Une option pour le moment ...
Tout part d'une enquête du Washington Post, publiée le mercredi 22 juillet dernier. Le quotidien américain, citant des responsables actuels et anciens au fait des délibérations internes, affirme que l'administration Trump étudie des options militaires contre le Jama'at Nusrat al-Islam wal-Muslimin (JNIM), connu en français sous le nom de Groupe de soutien à l'islam et aux musulmans (GSIM), la branche sahélienne d'Al-Qaïda et, de l'aveu même des analystes occidentaux, le groupe armé le plus puissant de la région aujourd'hui.

Le point est capital et mérite d'être répété avec la prudence qu'il impose, aucune décision n'a été prise, et le sujet divise jusqu'au sommet de l'appareil sécuritaire américain. Selon le Washington Post, Sebastian Gorka, directeur principal chargé de la lutte antiterroriste au Conseil de sécurité nationale de la Maison-Blanche, ferait partie des voix les plus favorables à une intervention. Interrogé sur ces révélations, un responsable de l'administration n'a ni confirmé ni infirmé une éventuelle autorisation de frappes, indiquant seulement que Washington encourage les gouvernements d'Afrique du Nord et de l'Ouest à s'équiper en matériel et services américains pour leur propre guerre contre le terrorisme. Le Pentagone a refusé tout commentaire, en effet, le département d'État s'est borné à réaffirmer sa condamnation des activités terroristes au Mali. Rappelons que Washington avait déjà classé le JNIM comme organisation terroriste étrangère dès 2018.
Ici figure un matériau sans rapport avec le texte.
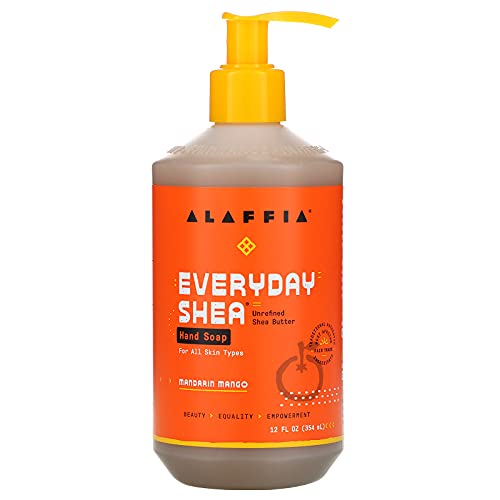 Alaffia EveryDay Shea Hand Soap, Mandarin Mango 12 fl oz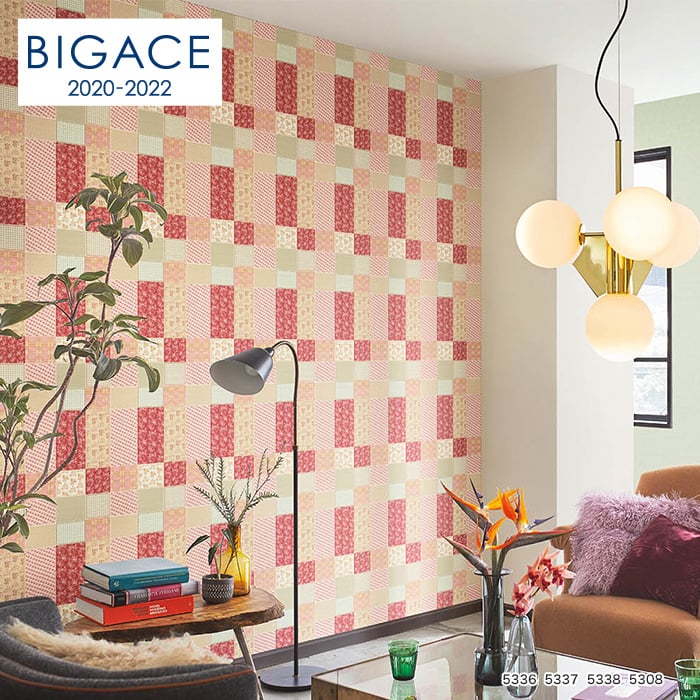 のり付き壁紙 シンコール Bigace モダン レトロ調 Ba5338 Resta のり付き壁紙 シンコール Bigace モダン レトロ調 Ba5338 Resta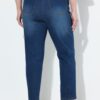Τζιν παντελόνι mom fit, ελαστικό με 5 τσέπες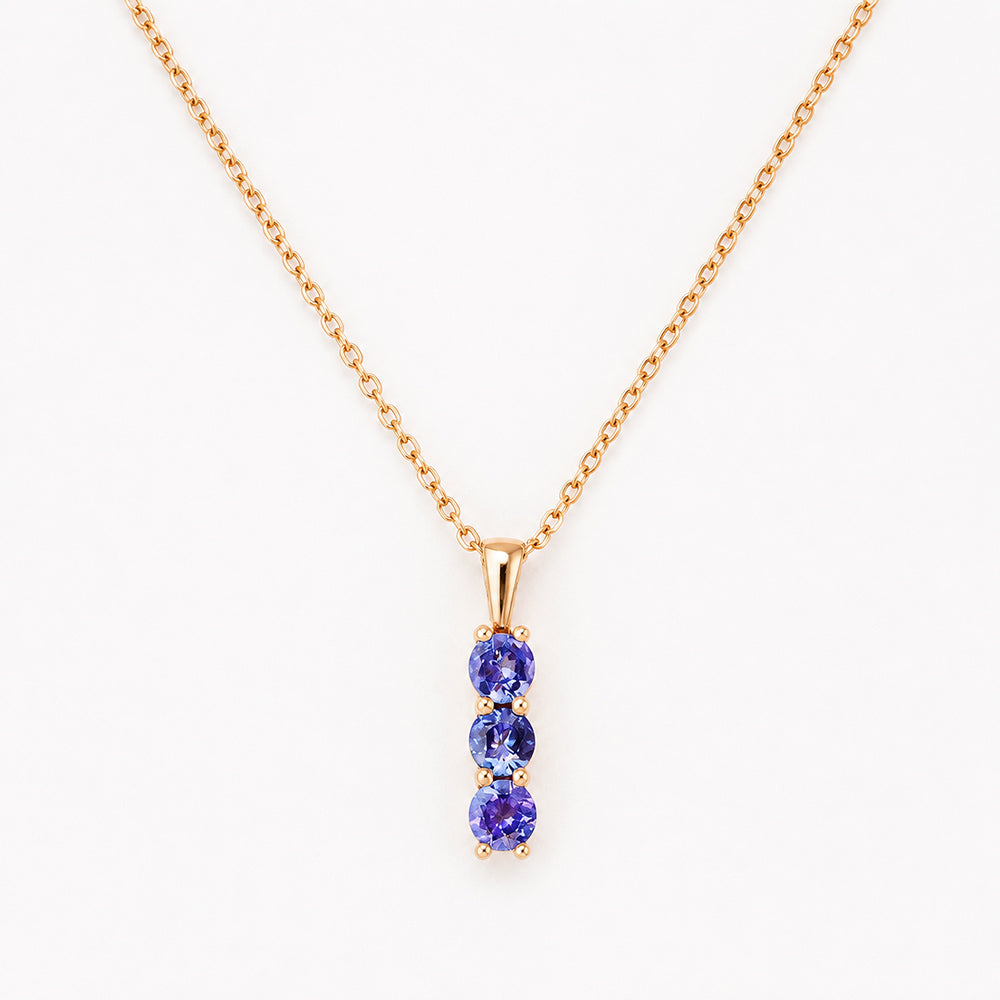 Rio, a Tanzanite Trilogy Pendant
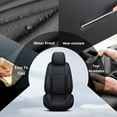 thumbnail image 2 of LAONNVIR Leather Auto Car Seat Covers Front Row Seat Protector Fit for Ford Edge 2007-2024 2 Seats Front Set Universal Fit (Black), 2 of 5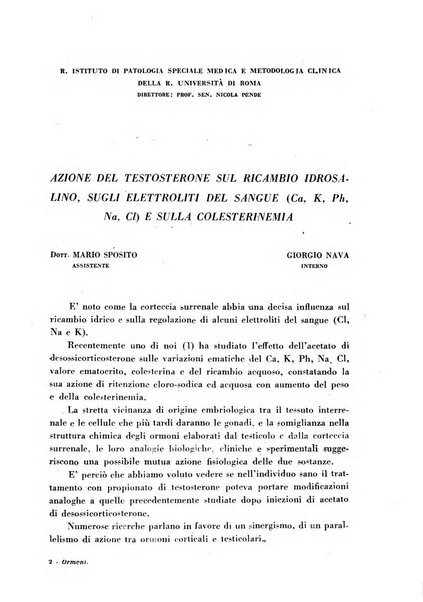 Ormoni dottrina e applicazioni pratiche pubblicate da Nicola Pende e Gennaro Di Macco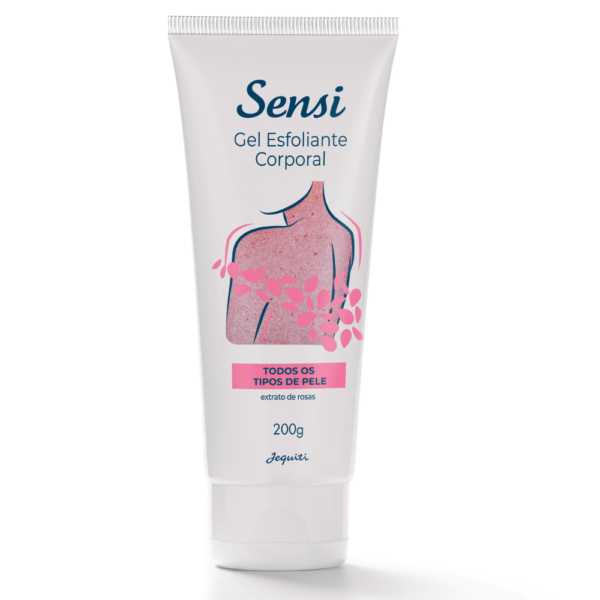 Gel Esfoliante Corporal Sensi Extrato De Rosas Jequiti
Si l'option venait à être validée, le Mali deviendrait le huitième pays frappé militairement par les États-Unis depuis le retour de Donald Trump à la Maison-Blanche, après le Yémen, la Somalie, la Syrie, l'Iran, l'Irak, le Nigeria et le Venezuela, un rythme d'interventions sans précédent pour un président qui avait pourtant promis, lors de sa campagne, de réduire l'engagement militaire américain dans les conflits extérieurs.